(Exercise directions): For the records below, print the lines from the line with "2004 Kia Magentis" through the line with "Ren & Chinchilla" exactly as written; include both end lines and exclude the rest.
[Exercise materials — start]
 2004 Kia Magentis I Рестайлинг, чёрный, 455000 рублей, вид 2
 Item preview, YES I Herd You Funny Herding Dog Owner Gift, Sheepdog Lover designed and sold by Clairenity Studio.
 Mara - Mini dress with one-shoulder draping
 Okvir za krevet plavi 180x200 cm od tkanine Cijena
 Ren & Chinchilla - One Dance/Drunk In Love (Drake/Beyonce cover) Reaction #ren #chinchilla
[Exercise materials — finish]
[Exercise materials — start]
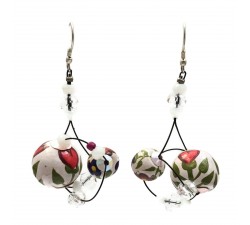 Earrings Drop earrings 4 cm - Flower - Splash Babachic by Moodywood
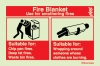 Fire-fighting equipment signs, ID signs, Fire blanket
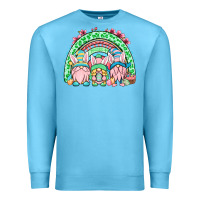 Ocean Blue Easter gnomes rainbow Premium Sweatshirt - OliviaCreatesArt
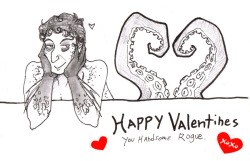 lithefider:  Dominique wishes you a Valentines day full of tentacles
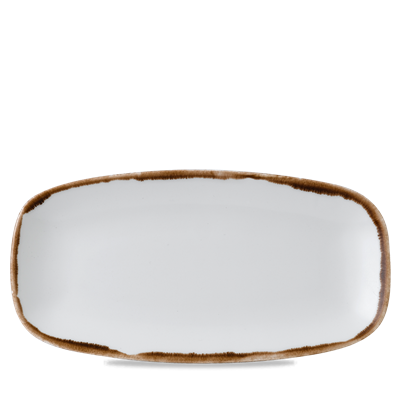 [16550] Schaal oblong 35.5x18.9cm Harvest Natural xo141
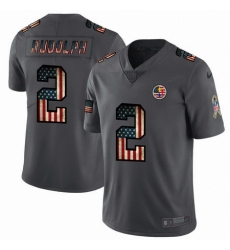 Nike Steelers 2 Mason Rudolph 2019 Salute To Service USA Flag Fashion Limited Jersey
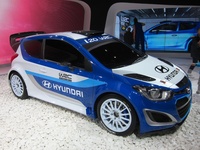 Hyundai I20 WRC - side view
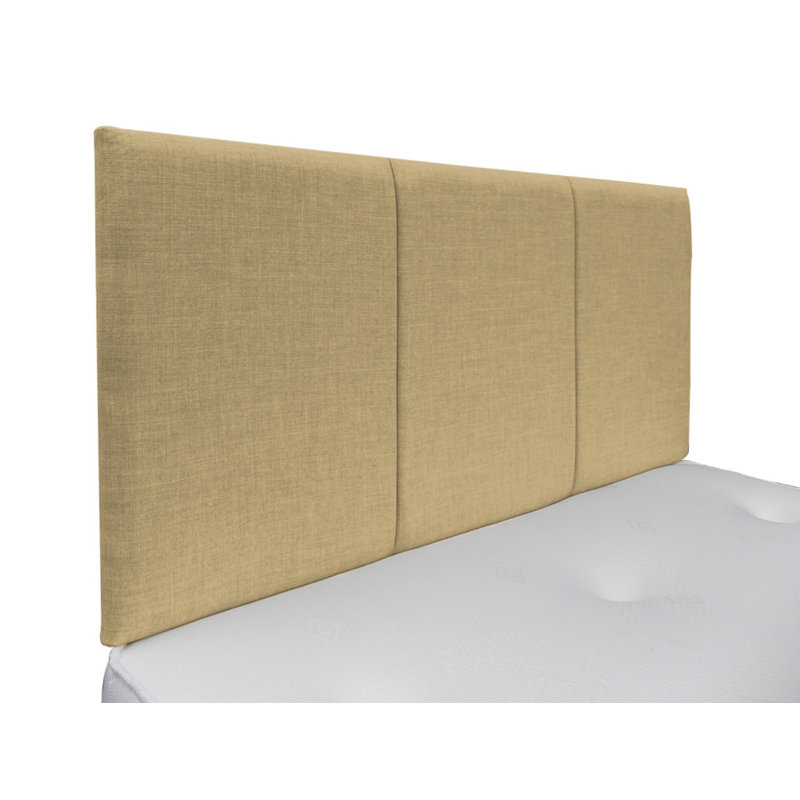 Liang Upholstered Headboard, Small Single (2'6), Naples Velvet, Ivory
[Exercise materials — finish]
[Exercise materials — start]
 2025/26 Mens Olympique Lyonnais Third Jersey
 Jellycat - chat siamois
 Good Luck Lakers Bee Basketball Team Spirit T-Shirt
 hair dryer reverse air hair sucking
[Exercise materials — finish]
(Task response):
 2004 Kia Magentis I Рестайлинг, чёрный, 455000 рублей, вид 2
 Item preview, YES I Herd You Funny Herding Dog Owner Gift, Sheepdog Lover designed and sold by Clairenity Studio.
 Mara - Mini dress with one-shoulder draping
 Okvir za krevet plavi 180x200 cm od tkanine Cijena
 Ren & Chinchilla - One Dance/Drunk In Love (Drake/Beyonce cover) Reaction #ren #chinchilla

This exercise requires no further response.